Selected largely from the Arts Council Collection by YSP, as part of the National Partners Programme, this exhibition questioned what we know and understand about architecture, featuring work by artists including Martin Creed, Anya Gallaccio and Cornelia Parker.


There has long been an intimate and complex relationship between sculpture and architecture, with many artists operating at and around this boundary. [Re]construct explored ways in which artists incorporated architecture into their work using a process of deconstruction and reconstruction in order to interrogate and manipulate its forms.

Gaston Bachelard wrote: “A house constitutes a body of images that give mankind proofs or illusions of stability”. Several of the works questioned our ideas about the materiality and permanence of the built environment, with bricks made of wax, wall plugs crafted from onyx, reassembled ruined structures, and bodies painted to look like stone. Other objects insinuated themselves into the very fabric of the building, their presence subtly altering the architectural status quo.

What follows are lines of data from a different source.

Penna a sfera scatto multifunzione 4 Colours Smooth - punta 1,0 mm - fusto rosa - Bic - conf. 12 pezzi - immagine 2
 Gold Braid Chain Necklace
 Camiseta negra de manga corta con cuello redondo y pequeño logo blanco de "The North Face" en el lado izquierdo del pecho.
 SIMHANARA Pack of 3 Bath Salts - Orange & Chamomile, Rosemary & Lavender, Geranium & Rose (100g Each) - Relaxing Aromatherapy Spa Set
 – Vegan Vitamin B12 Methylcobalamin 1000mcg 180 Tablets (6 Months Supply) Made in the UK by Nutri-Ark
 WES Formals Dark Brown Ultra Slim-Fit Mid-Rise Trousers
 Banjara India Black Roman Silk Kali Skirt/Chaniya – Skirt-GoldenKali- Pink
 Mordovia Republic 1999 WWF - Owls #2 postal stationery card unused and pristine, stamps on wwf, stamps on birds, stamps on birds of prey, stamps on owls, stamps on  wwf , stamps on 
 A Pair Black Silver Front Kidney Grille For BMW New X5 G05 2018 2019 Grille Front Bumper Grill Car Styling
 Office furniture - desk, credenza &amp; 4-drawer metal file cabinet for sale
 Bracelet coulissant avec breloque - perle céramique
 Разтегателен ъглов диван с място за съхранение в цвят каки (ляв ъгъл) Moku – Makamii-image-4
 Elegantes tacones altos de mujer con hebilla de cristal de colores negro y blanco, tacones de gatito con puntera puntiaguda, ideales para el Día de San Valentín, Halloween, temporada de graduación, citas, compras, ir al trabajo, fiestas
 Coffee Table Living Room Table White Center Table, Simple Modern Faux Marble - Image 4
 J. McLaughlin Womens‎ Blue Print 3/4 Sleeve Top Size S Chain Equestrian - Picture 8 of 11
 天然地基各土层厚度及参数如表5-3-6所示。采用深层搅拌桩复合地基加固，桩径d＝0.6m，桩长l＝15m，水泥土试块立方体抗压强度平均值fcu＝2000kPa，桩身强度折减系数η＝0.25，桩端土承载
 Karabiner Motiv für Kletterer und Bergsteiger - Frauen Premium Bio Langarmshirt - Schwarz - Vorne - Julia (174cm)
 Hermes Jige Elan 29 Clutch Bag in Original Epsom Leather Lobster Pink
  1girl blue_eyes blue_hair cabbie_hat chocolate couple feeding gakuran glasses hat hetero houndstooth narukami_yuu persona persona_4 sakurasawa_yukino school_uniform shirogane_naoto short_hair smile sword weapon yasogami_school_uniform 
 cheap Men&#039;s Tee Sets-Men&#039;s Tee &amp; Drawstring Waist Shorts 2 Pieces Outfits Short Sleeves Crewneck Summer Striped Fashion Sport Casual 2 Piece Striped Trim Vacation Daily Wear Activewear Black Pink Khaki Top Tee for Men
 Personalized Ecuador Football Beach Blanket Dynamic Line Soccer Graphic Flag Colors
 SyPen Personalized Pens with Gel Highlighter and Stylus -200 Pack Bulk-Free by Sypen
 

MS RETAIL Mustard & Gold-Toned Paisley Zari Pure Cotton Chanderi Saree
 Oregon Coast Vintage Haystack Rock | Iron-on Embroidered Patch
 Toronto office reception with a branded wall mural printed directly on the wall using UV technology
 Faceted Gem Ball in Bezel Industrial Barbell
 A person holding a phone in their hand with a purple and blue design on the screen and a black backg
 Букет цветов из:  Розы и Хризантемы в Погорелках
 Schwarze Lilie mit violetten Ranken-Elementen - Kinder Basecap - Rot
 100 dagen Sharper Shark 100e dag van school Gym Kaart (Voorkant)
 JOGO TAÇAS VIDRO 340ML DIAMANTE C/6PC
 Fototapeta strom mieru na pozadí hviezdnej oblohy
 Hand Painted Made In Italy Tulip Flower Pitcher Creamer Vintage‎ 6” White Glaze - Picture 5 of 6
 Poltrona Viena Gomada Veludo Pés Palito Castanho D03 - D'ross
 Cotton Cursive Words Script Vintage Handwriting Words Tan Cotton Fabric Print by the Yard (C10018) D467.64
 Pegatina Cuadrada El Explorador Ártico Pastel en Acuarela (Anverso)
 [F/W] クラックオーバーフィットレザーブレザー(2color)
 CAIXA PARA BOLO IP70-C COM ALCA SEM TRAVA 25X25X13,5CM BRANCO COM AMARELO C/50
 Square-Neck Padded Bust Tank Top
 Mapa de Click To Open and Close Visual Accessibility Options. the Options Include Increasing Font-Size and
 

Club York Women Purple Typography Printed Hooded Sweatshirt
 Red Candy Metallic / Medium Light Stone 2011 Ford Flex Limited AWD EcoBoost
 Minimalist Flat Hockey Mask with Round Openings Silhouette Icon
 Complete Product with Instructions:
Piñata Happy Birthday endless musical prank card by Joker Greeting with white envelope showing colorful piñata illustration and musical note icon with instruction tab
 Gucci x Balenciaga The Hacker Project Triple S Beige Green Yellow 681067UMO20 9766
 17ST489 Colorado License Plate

Buildings are designed, inhabited and animated by people; they are the containers of our stories and memories, framing almost every aspect of our experience. Many of the represented works melded human and built histories, making manifest the often invisible presence of lives within. Commissioned in 1744, YSP’s Chapel is an exceptional space, which also embodies the extraordinary way in which buildings can independently engender very particular qualities such as peacefulness and spirituality. Here the works on display further intensified the already heightened relationship between the viewer and their immediate environment.

[Re]construct features work by: Claire Barclay, Alex Chinneck, Susan Collis, Martin Creed, Anya Gallaccio, Lucy Gunning, Sonya Hanney and Adam Dade, Denis Masi, Alex Pain, Cornelia Parker, Nina Saunders, Emily Speed, John Wood and Paul Harrison.